What you give back must match the records below word for word.

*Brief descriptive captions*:
= = = = = = =
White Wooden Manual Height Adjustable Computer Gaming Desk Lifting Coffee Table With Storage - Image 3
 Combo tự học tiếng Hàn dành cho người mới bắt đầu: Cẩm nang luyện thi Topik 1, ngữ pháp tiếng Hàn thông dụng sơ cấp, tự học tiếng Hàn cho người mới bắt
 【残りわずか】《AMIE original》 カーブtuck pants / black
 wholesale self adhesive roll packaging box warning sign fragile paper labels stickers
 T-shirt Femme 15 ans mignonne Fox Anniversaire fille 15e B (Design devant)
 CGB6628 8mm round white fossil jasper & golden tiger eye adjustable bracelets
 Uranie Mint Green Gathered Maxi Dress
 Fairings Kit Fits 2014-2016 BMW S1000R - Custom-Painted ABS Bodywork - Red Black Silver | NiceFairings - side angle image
= = = = = = =
*Task response*:
White Wooden Manual Height Adjustable Computer Gaming Desk Lifting Coffee Table With Storage - Image 3
 Combo tự học tiếng Hàn dành cho người mới bắt đầu: Cẩm nang luyện thi Topik 1, ngữ pháp tiếng Hàn thông dụng sơ cấp, tự học tiếng Hàn cho người mới bắt
 【残りわずか】《AMIE original》 カーブtuck pants / black
 wholesale self adhesive roll packaging box warning sign fragile paper labels stickers
 T-shirt Femme 15 ans mignonne Fox Anniversaire fille 15e B (Design devant)
 CGB6628 8mm round white fossil jasper & golden tiger eye adjustable bracelets
 Uranie Mint Green Gathered Maxi Dress
 Fairings Kit Fits 2014-2016 BMW S1000R - Custom-Painted ABS Bodywork - Red Black Silver | NiceFairings - side angle image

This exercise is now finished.